District Court Judge Kevin Phillips overturned a Tenancy Tribunal ruling this month, giving landlords reason to hope for fairer rulings in the future, and even a change in legislation in the landlord’s favour.
Details of the Case
In April, the Tenancy Tribunal ordered Vic Inglis to repay $10,960 in rent to tenant Natalie Parry, who discovered the premises had alterations completed without a council permit – unknown to Vic who purchased the property as is and did not request a LIM report.
At the time, Vic also applied for $3,519 compensation for the damaged chattels, property, and removal of smoke alarms during the tenancy when the tenant was also unlawfully subletting the premises as a boarding house.

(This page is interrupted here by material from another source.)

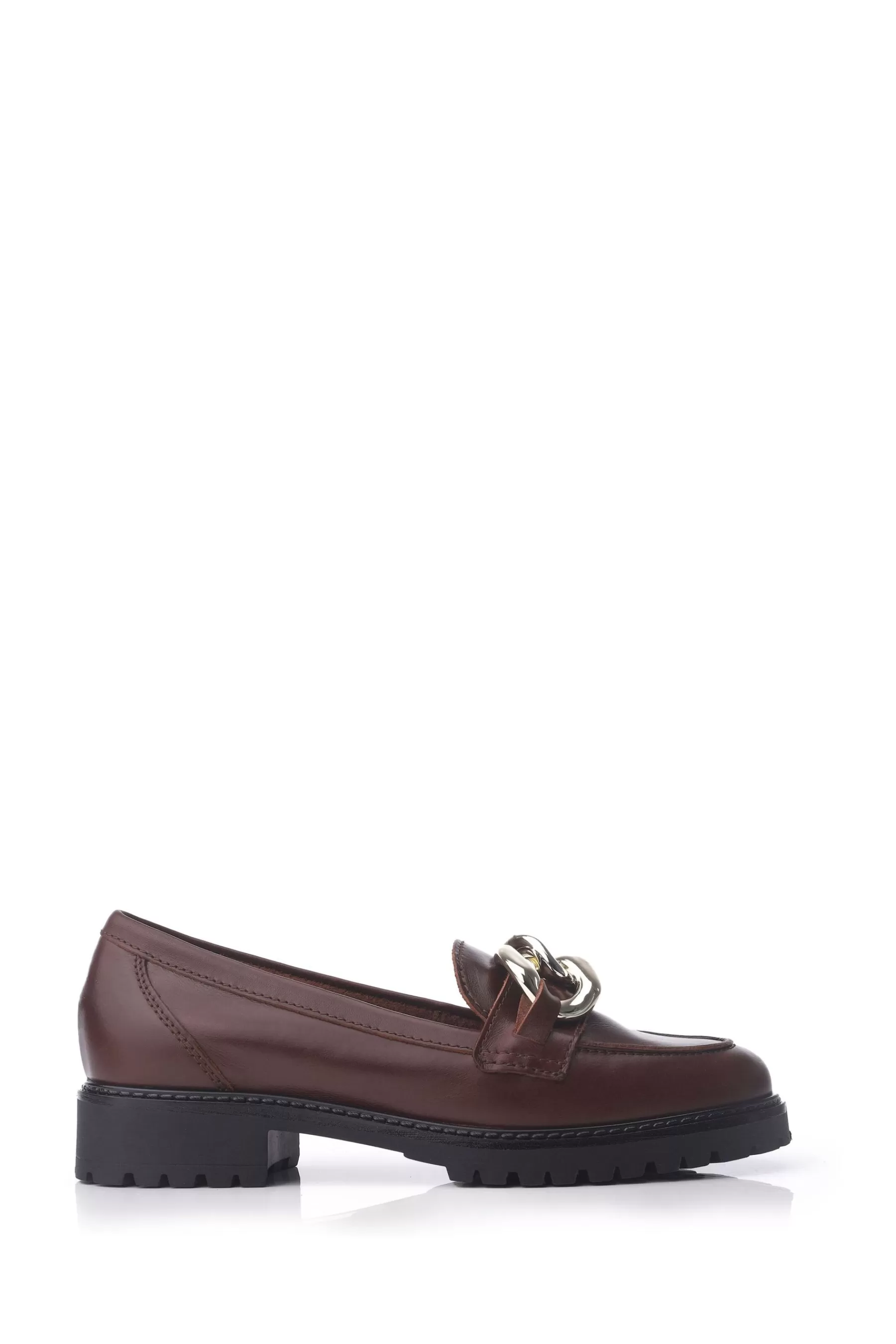 Moda in Pelle Flat- Ellbie Cleated Sole Chain Trim Loafers Brown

Reason for the Tenancy Tribunal’s Ruling
The Tribunal Adjudicator declared the tenancy unlawful under Section 137 of the Residential Tenancies Act and 2013 High Court ruling, stating that a premise with unconsented alterations cannot lawfully be used as a residential premise.
The landlord was then ordered to repay the 29 weeks of rent, bond, and court costs to the tenant. Vic had to to sell his property to pay her back.
What the District Court Declared
Judge Phillips found the tribunal's interpretation of that decision was incorrect, stating “the tenant did not suffer any detriment of any kind as a result of what was a technical breach” as photos showed the alterations were done at a very high standard.
He also stated the Tribunal was wrong to interpret a technical illegality as changing the status of the term “residential premises”, as the landlord obtained a Certificate of Acceptance for non-consented work at the tenancy premises at short notice before the Tribunal proceedings took place.
Judge Phillips ordered the money paid back to the landlord, and order Adjudicator Wilson to rehear Vic’s claim for compensation of $3,519 and bond of $760.
Will This Ruling Change Things for Landlords?
Yes in two ways.
Firstly, Judge Phillips’ decision could be used as a precedent for the Tenancy Tribunal, allowing for fairer future rulings.
The ruling has also ignited government action, with the New Zealand Property Investors Federation and Housing Minister Phil Twyford agreeing to meet next week to discuss legislation which could reinforce the judge's decision.
Our Advice? When purchasing a property, always add a conditional clause making the sale subject to receiving and accepting the LIM report before the Settlement date.